Artists include Rick Austin, Rick Bartow, Louis Bunce, Marc Chagall, Tom Cramer, Michael Dal Cerro , Richard Davis, Christian Eckhart, Howard Finster, David French, Gordon Gilkey, Francisco Goya, Paul Green, Anne Grgich, M.K. Guth, Sally Haley, Claudia Hart, Tom Hardy, Tyler Hays, Barry Haram, Charles Heaney, Bill Hoppe, Jerry Iverson, Manuel Izquierdo, William Jamison, Liza Jones, Mary Josephson, Barbara Kruger, LaVerne Krause, Ferdinand Leger, Fritz Liedtke, James Martin, Jack McLarty, Kenna Moser, Royal Nebeker, Alison O’Donoghue, Trude Parkinson, Robert Rauschenberg, Dana Roberts, Ralph Rosenborg, Laura Ross-Paul, Michele Russo, John Serl, Roy Setziol, Ku Fu Sheng, Russell Simmons, Corey Smith, Amanda Snyder, Jay Steensma, Eric Stotik, Jed Thomas, Marie Watt, Milton Wilson and Purvis Young.

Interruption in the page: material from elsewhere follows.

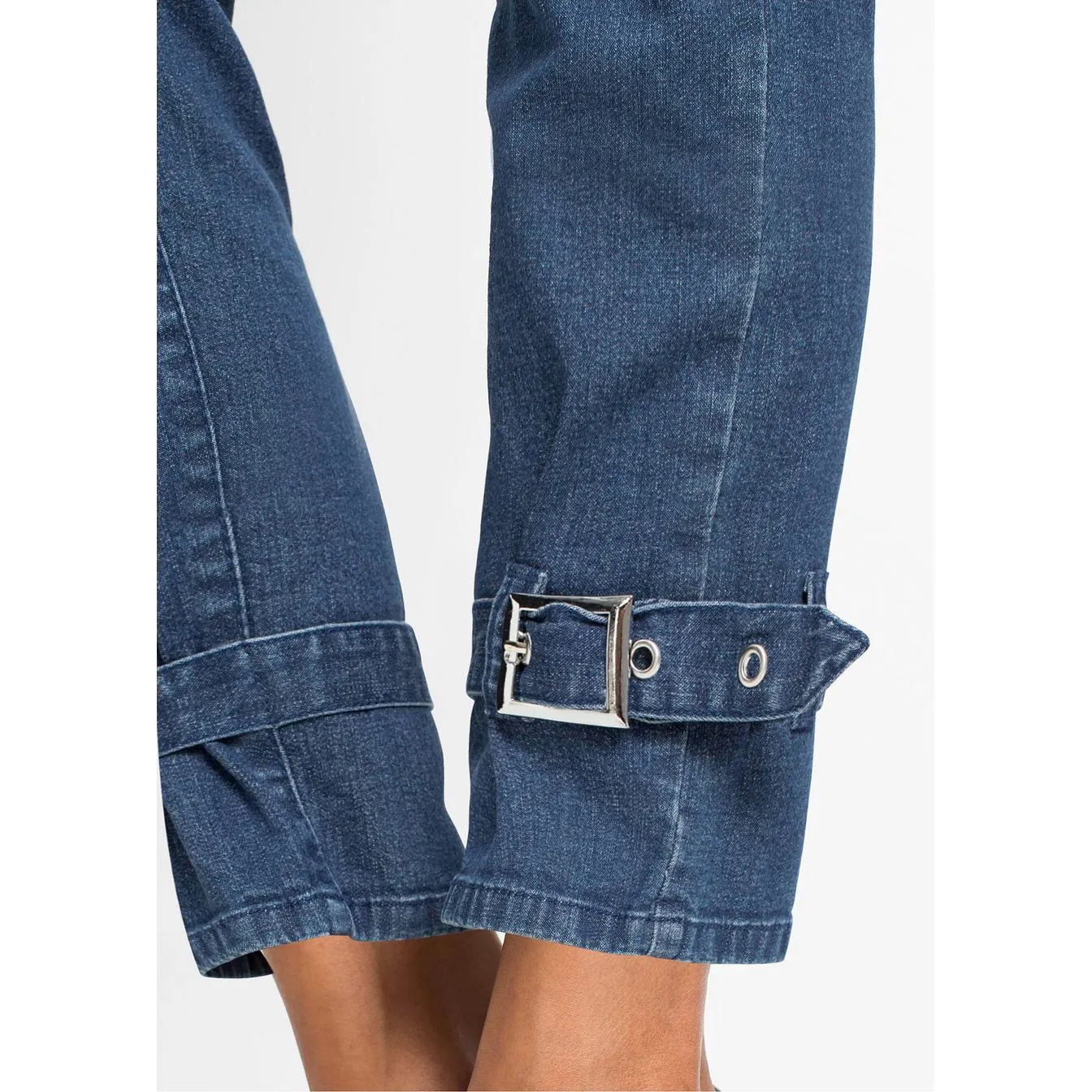 Rainbow Blue Stone Buckle Boyfriend Jeans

At Mark Woolley Gallery www.markwoolley.com 817 NW 2nd

Tuesday, March 25, 2008

March 27 REBAR Re(MIXING) Landscape

REBAR is an arts group based in San Francisco. They have transplanted samples of offices, like conference rooms and file cabinets, to the desert, and transplanted samples of parks to parking places and bicycles. Orlo, a Portland group creating its own mix of art, literature and environment is bringing them to Portland to speak and agitate. Your ideas and participation are encouraged, maybe re(mixing) Portland's environs. That opportunity would be at the Portland AIA office, 403 NW 11th (x Flanders). Doors 6PM, talk 6:30 $5

Saturday, March 22, 2008

March 22 Analog Shutoff as Art

The New American Art Union launches its Couture series with an opening tonight. Ruthann Brown has competitively selected artists to take over the entire gallery with an installation. The opportunity, so rare in Portland, comes with an even rarer stipend.

The first NAAU Coture is The Video Gentlemen - Carl Diehl, Jesse England and Mack McFarland - with their installation Bring Your Own TV (BYOTV).

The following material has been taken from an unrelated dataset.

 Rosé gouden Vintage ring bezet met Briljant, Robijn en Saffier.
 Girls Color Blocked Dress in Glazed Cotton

This affects you. So for a little background, this map shows how radio waves are used in the USA. All the large blue areas are AM radio, FM radio and TV. All of the other little slices are used by everything from garage door openers to WiFi, satellites, taxicabs, navigation for ships at sea, GPS, thousands of little uses. Sidestepping for a moment the content value today of television, the television spectrum is literally valuable, on the order of $5 billion per nationwide channel if it's used for mobile phones. In our democracy, the radio frequencies are considered owned in common by you and me. Thus the government, acting on our behalf, decides who gets to transmit what on each frequency, under the approving authority of the UN. The government decided in the early 1990's, in response to Japanese competition in high definition television, to move TV to digital in a project known as "The Grand Alliance". That situation seems so quaint now. Integral to the move, is shutting off the analog TV broadcasts that began in 1926. (Cable TV, satellite TV and Internet TV are not affected) If your TV gets its programs from an antenna, it will be useless after February 17, 2009 without a converter box and maybe even an antenna on the roof. That is called the "analog shutoff", which was conveniently scheduled to be after the Superbowl TV broadcast.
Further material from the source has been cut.